The task –
Leaving pictures aside, set down each line exactly, from the first line of the data to the line with "Arial View Above A Storage Lot In Arizona", both included.

Provided data –
--- --- ---
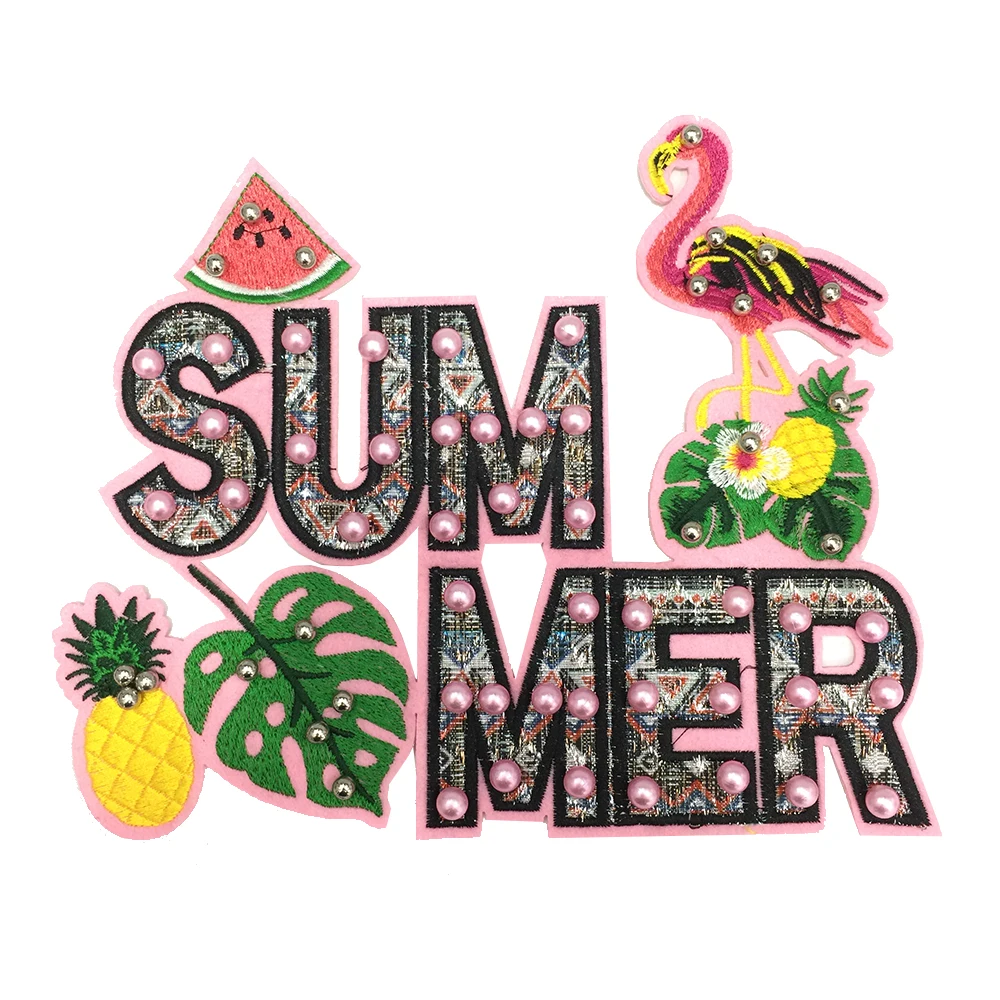 High Quality Iron On Flamingo Flower Pearls Handwork Sequins Embroidery Patches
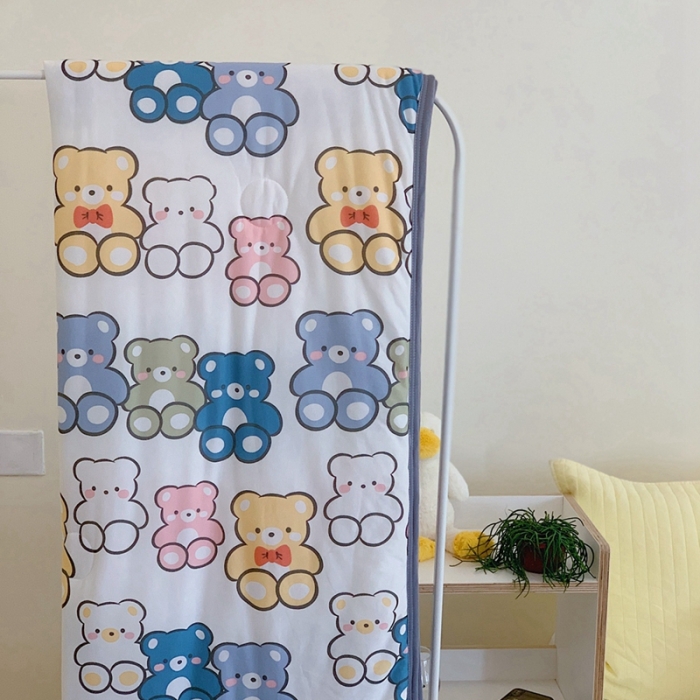 91家纺网 家纺一手货源 找家纺 慕尚 2025新款针织棉印花夏凉被空调被 小熊宝贝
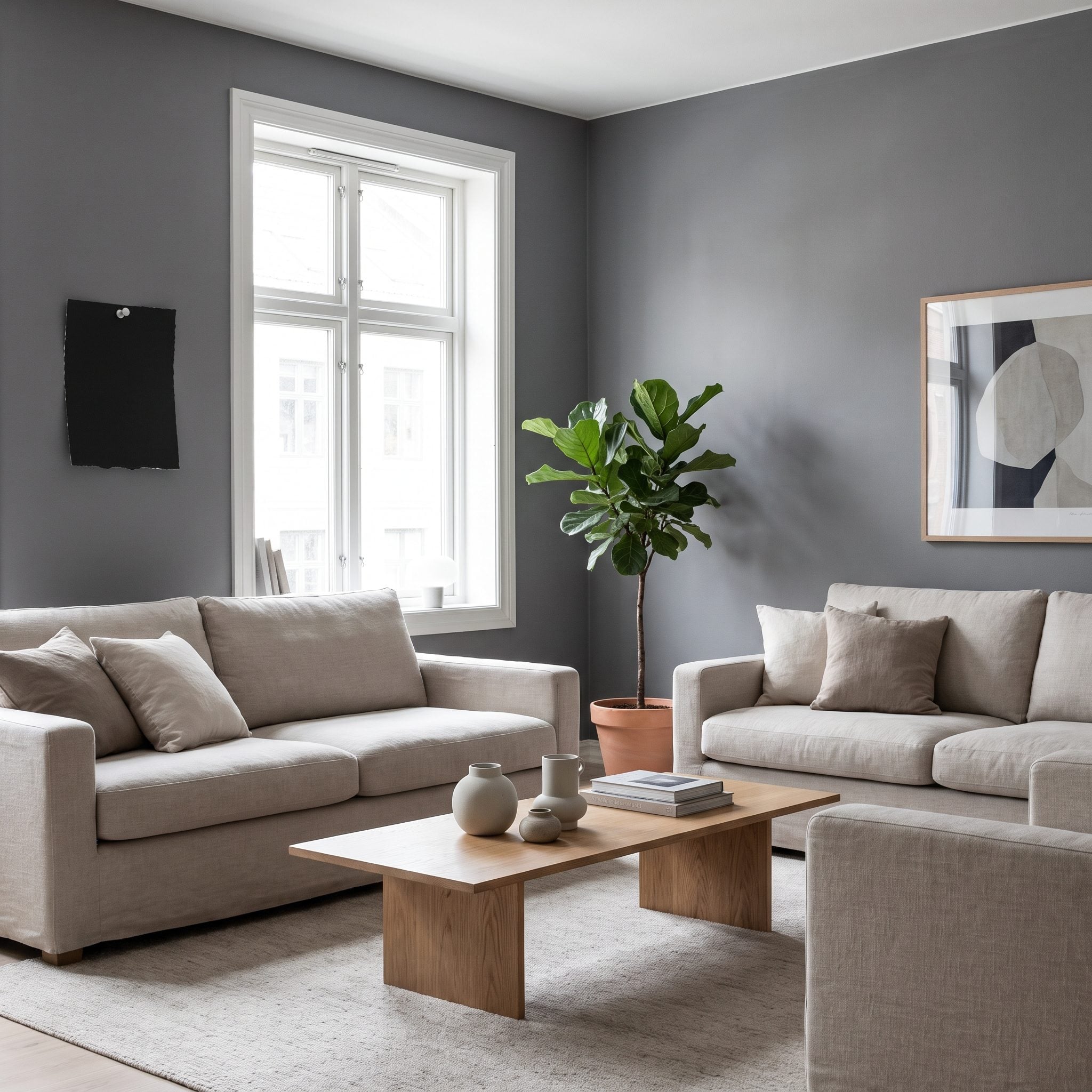 Charcoal-blue living room wall behind a cream sofa in changing daylight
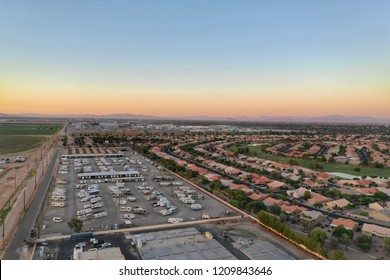 Arial View Above A Storage Lot In Arizona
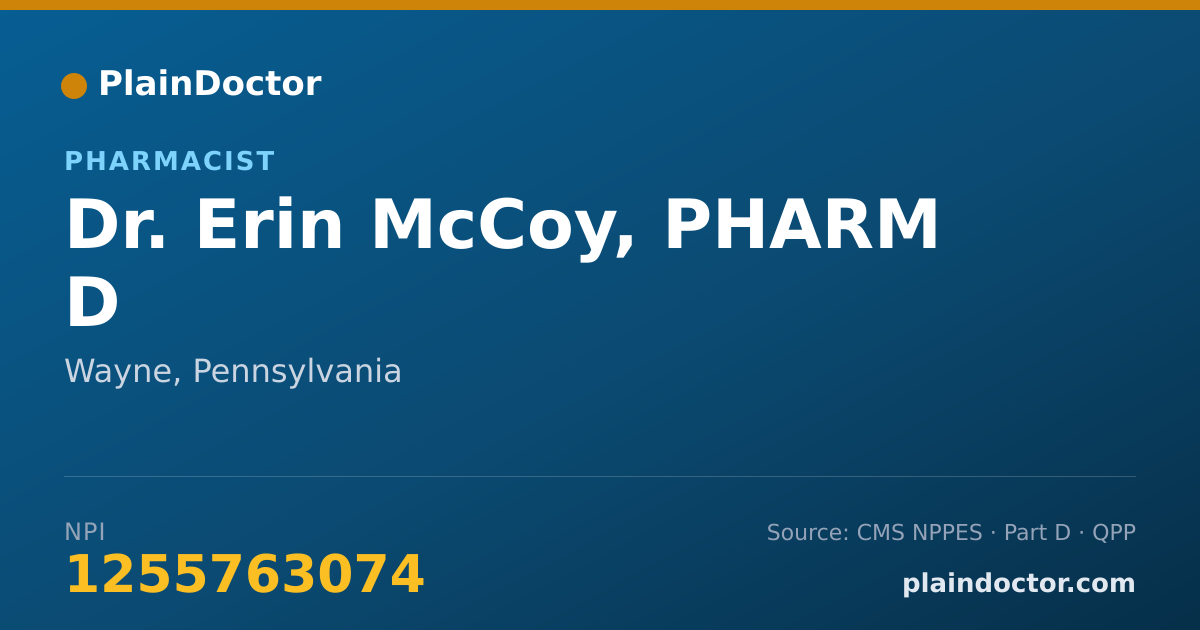 Shareable card for Erin McCoy, PHARM D - Pharmacist, Wayne, PA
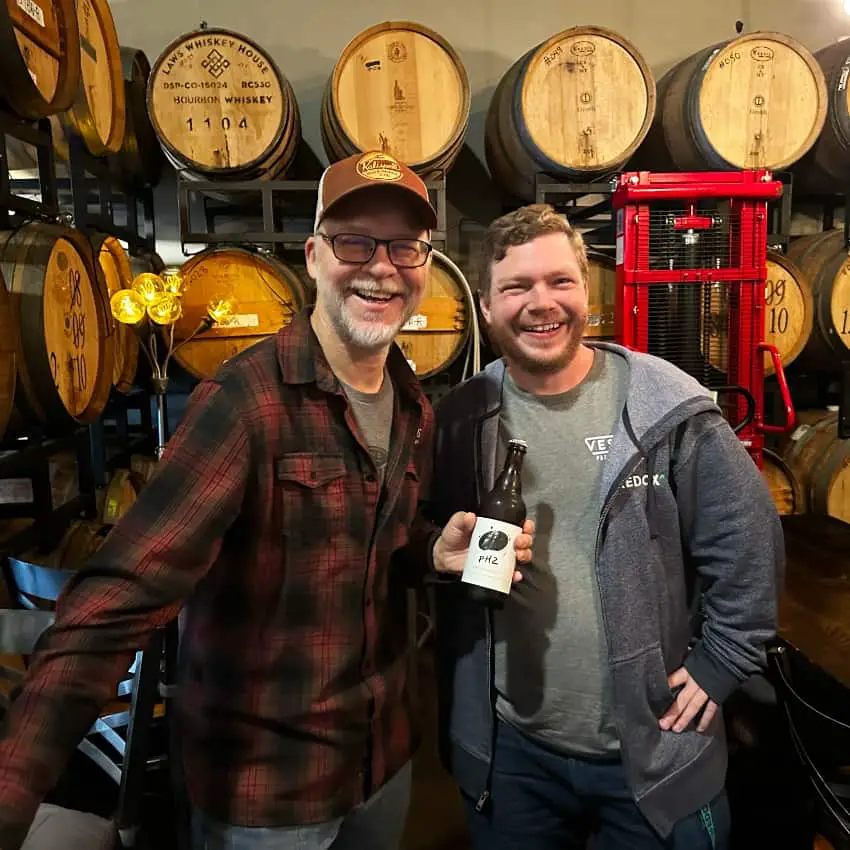 James and Ken with PH2 beer at Purpose Fort Collins Colorado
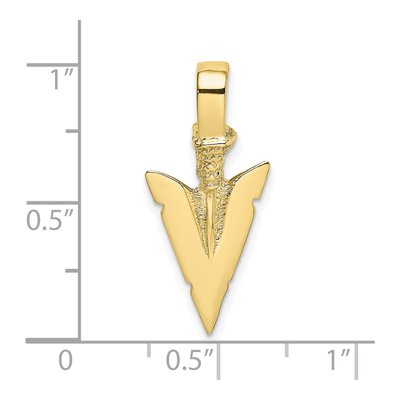 10K Yellow Gold 3D Arrowhead Pendant – view 4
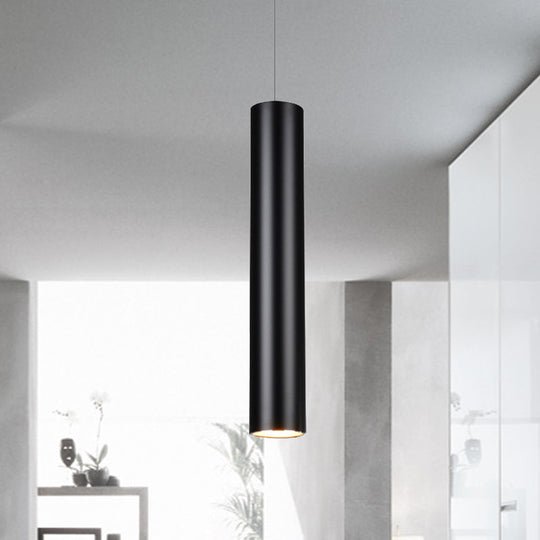 Cylinder Aluminum Pendant Lights - Minimalist Black Led Lighting For Dining Room (11’/19’/27’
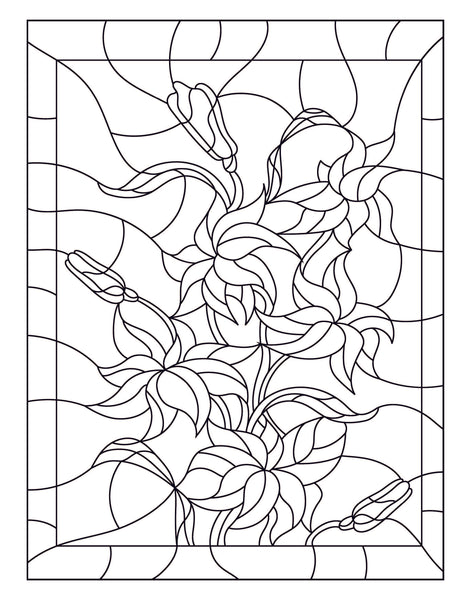 Stained Glass Coloring Book: Flower Designs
--- --- ---
Output of the exercise –
 High Quality Iron On Flamingo Flower Pearls Handwork Sequins Embroidery Patches
 91家纺网 家纺一手货源 找家纺 慕尚 2025新款针织棉印花夏凉被空调被 小熊宝贝
 Charcoal-blue living room wall behind a cream sofa in changing daylight
 Arial View Above A Storage Lot In Arizona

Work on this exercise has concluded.